The initial takeaway from last week’s election results was that Republicans have lost considerable ground in the higher-income, well-educated suburban areas that have been the party’s backbone for decades. With a more complete map of called House races, we can see exactly how devastating the GOP’s slippage in these parts of the country has been.

By my count, Republicans have lost 31 House seats in what might be considered suburban districts. All are at or above the national average for median income, higher-education attainment, or both. That list includes three in New Jersey, one in New York, four in Pennsylvania, three in Virginia, two in Michigan, two in Illinois, one in South Carolina, one in Georgia, two in Florida, two in Minnesota, two in Texas, one in Oklahoma, one in Kansas, one in Colorado, one in Arizona, three in California, and one in Washington state.

This does not include a handful of districts where the Republican candidate is losing but the race has not yet been called, such as Mia Love in the Salt Lake City suburbs or Tom MacArthur in South Jersey. Nor does it include numerous suburban districts where Republican incumbents held on but ran awfully close races—like Rob Woodall of Georgia, George Holding on North Carolina, Kenny Marchant of Texas, Mimi Walters of California, or Andy Barr of Kentucky.

Needless to say, the Democrats can attribute their taking of the House majority to winning these districts, many of which had in 2016 split their ballots by voting for Hillary Clinton over Donald Trump. That split might reflect what voters in the suburbs reasonably thought they might be getting: a Democratic president and a Republican House, divided government. The 2018 midterms might be seen as a correction, giving America a Democratic House to rein in a Republican president.

Trump’s Republicans have a problem in the suburbs, but does it spell certain doom for Trump in 2020? Look where many of these districts are.

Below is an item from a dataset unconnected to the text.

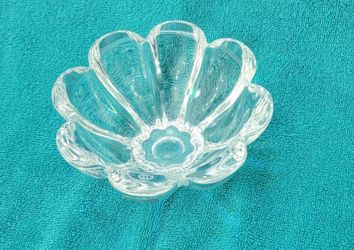 MIKASA CRYSTAL "ZINNIA" LEAD CRYSTAL BOWL


EXCELLENT CONDITION.  No issues noted. Beautiful clean clear crystal.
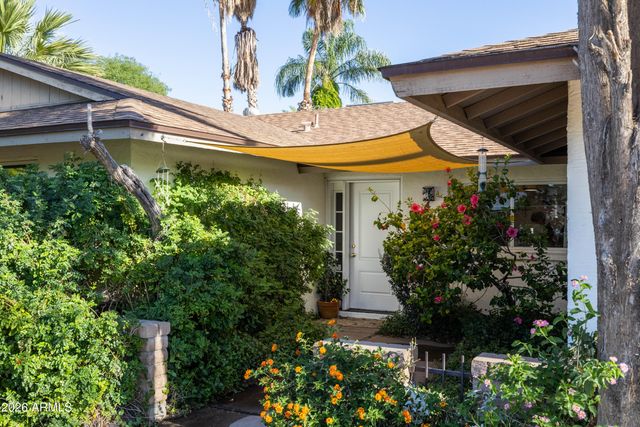 5246 E WINCHCOMB Drive, Scottsdale, AZ 85254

Some are in solidly Democratic states like California or New Jersey, while others are in solidly Republican ones, like Oklahoma and South Carolina. When it comes to presidential races, you don’t have to win the suburbs to win the state outright and collect all the electoral votes.

What about the swingier states? Trump may lose the suburbs for the GOP but gain enough rural and blue-collar voters to offset them, especially in the Midwestern states in which he edged out Clinton in 2016. David Byler points out this is a mixed bag for Trump—Michigan looks like it could really be trending more swing, and more attainable for Trump and the GOP, than Pennsylvania.

But even if Trump can eke out another Electoral College victory by shedding the marginal suburban votes for greater rural turnout, that doesn’t solve his House problem. Congressional majorities are built on broader coalitions than the narrowest possible paths to the presidency. Democrats learned this the hard way when, in 2010, the party was wiped out (outside of majority-black districts) in the South. Barack Obama did what no other modern president had done by shrinking his popular vote total while still winning re-election in 2012. But Democrats never won back the House for the rest of Obama’s presidency, and his legislative agenda was effectively dead.

If the GOP hopes to be back in the driver’s seat on Capitol Hill in a hypothetical second Trump term, the party (and the president) will have to figure out how to reverse the trend in the suburbs.